Every entry below should be returned exactly as it appears, with pictures left out.

MATERIAL SUPPLIED START

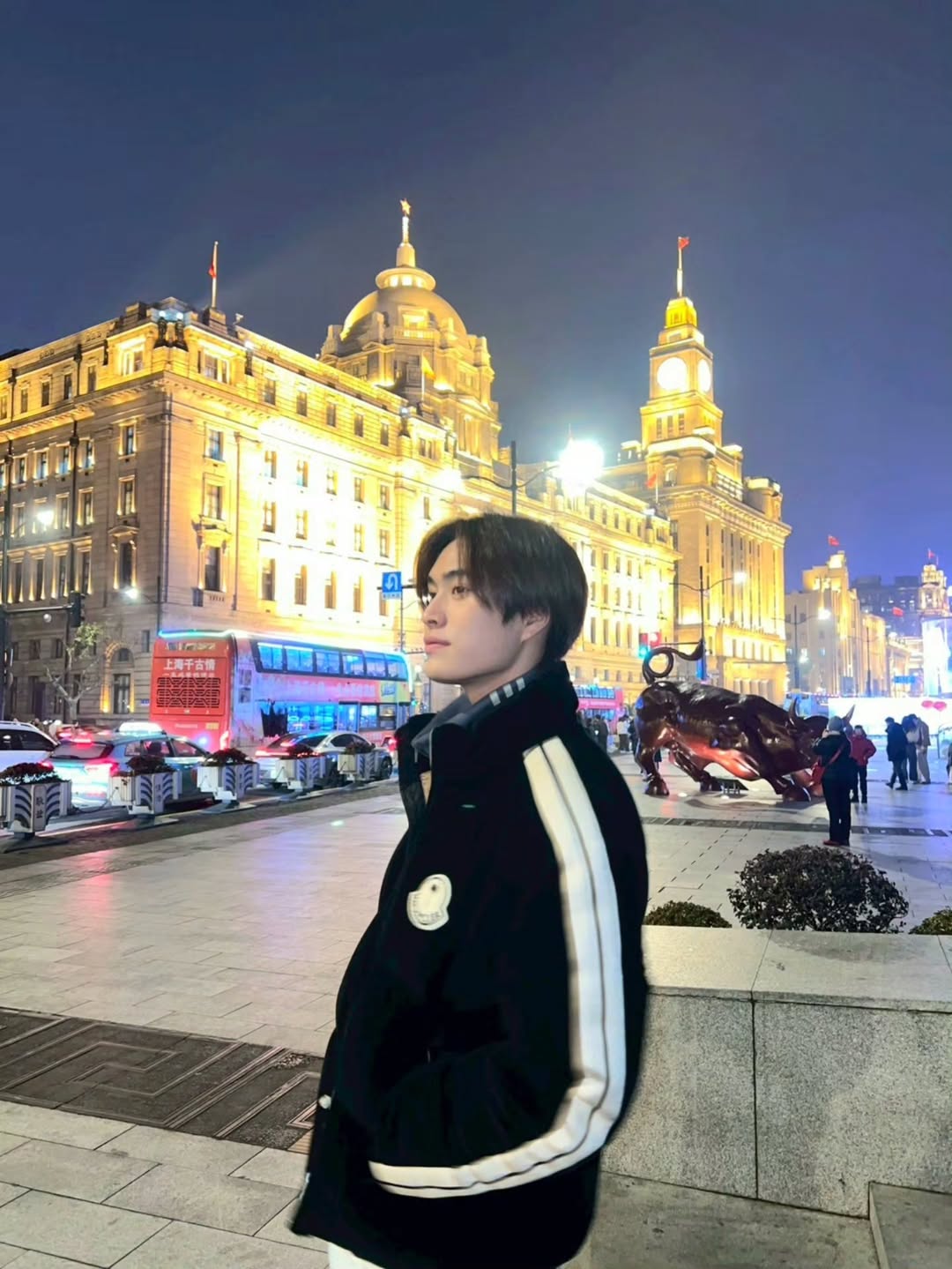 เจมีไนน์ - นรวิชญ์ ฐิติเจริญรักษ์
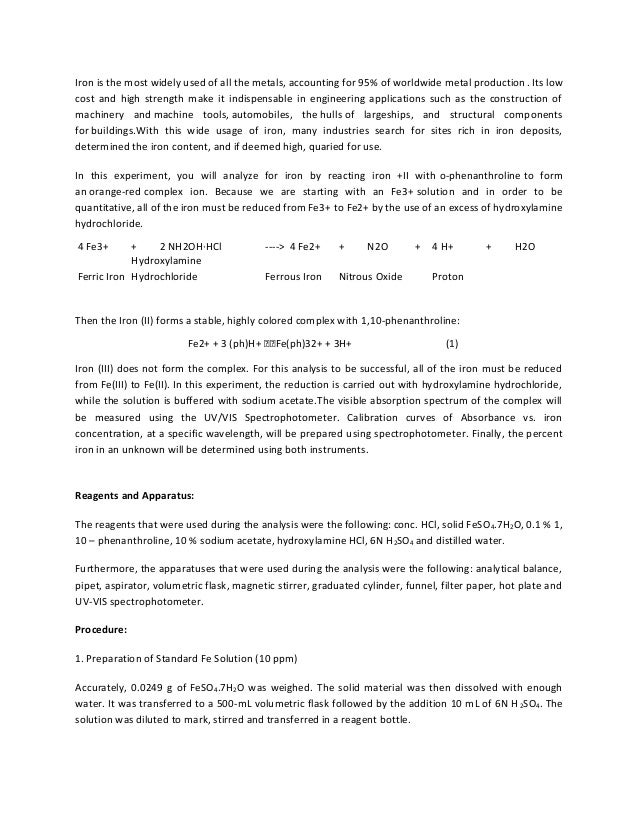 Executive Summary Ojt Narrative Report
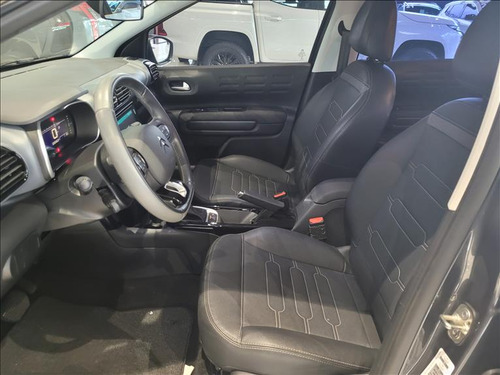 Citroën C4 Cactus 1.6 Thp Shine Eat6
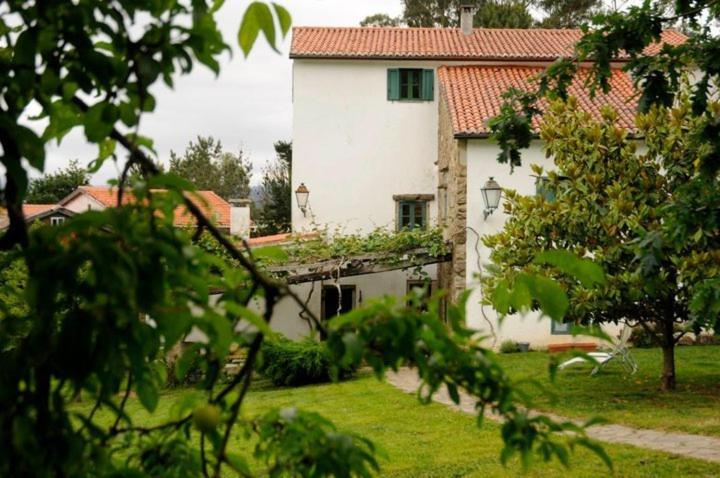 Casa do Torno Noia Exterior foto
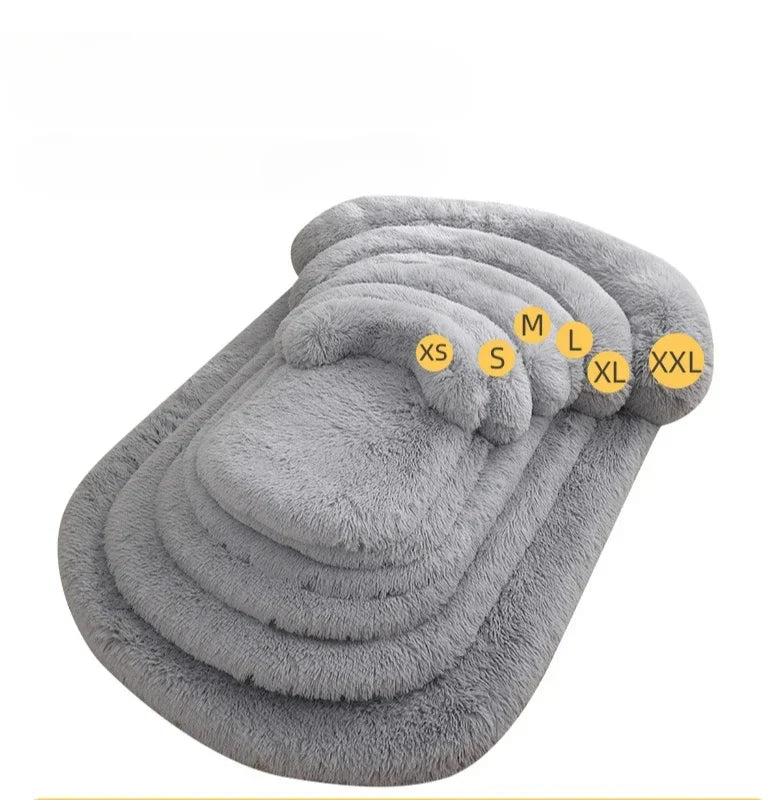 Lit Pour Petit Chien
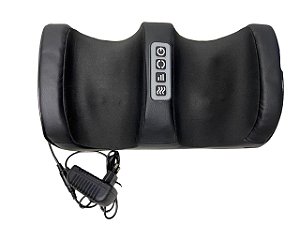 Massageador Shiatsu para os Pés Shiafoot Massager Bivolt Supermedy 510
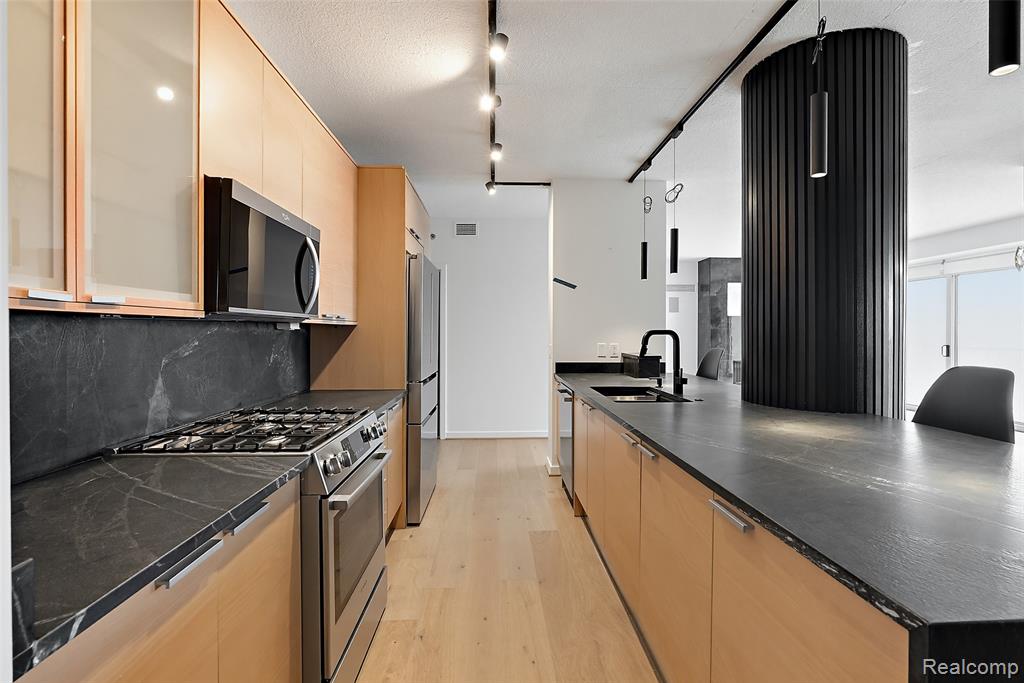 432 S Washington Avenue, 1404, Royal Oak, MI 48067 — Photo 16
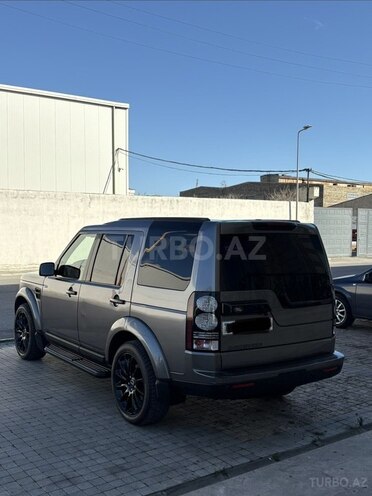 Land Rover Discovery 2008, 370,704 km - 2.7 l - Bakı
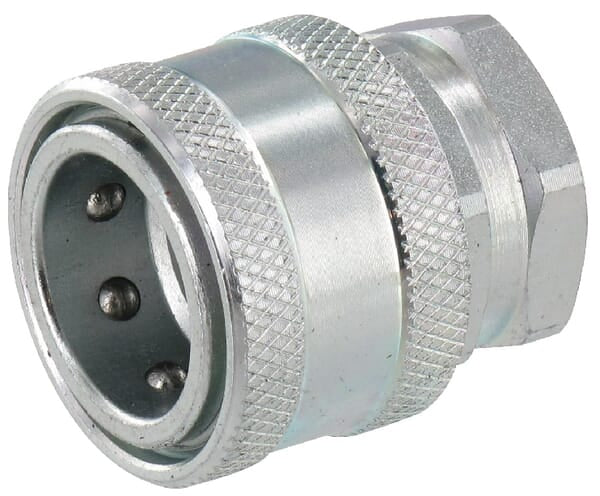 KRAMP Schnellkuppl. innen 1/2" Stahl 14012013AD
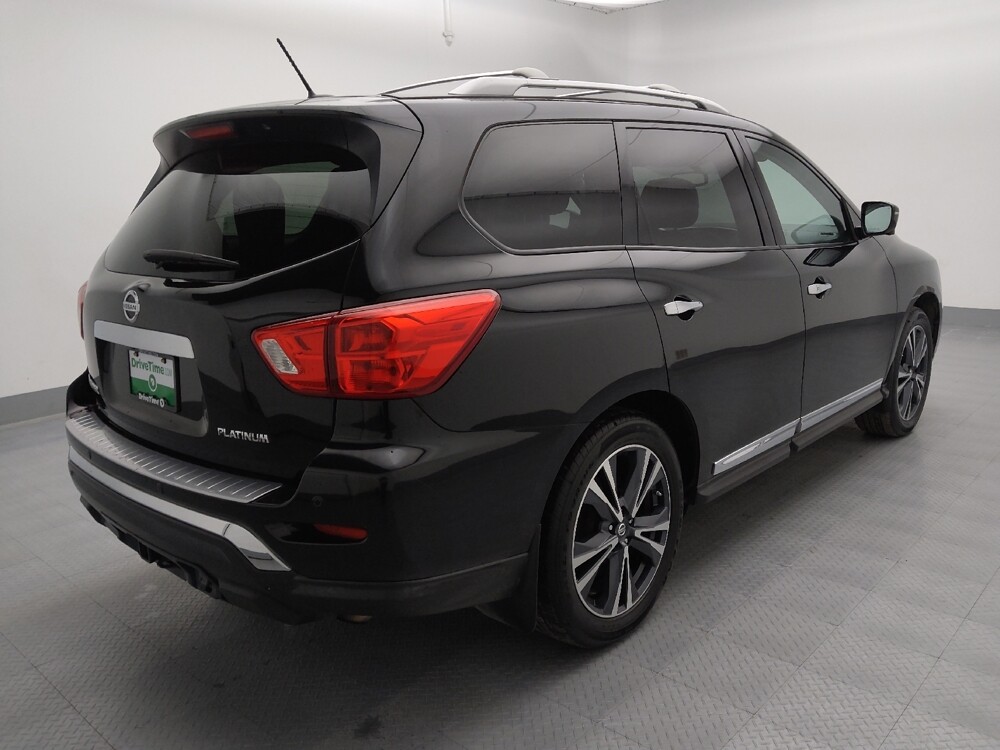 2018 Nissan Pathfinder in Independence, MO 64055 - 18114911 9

MATERIAL SUPPLIED END

→ **THE ANSWER**
 เจมีไนน์ - นรวิชญ์ ฐิติเจริญรักษ์
 Executive Summary Ojt Narrative Report
 Citroën C4 Cactus 1.6 Thp Shine Eat6
 Casa do Torno Noia Exterior foto
 Lit Pour Petit Chien
 Massageador Shiatsu para os Pés Shiafoot Massager Bivolt Supermedy 510
 432 S Washington Avenue, 1404, Royal Oak, MI 48067 — Photo 16
 Land Rover Discovery 2008, 370,704 km - 2.7 l - Bakı
 KRAMP Schnellkuppl. innen 1/2" Stahl 14012013AD
 2018 Nissan Pathfinder in Independence, MO 64055 - 18114911 9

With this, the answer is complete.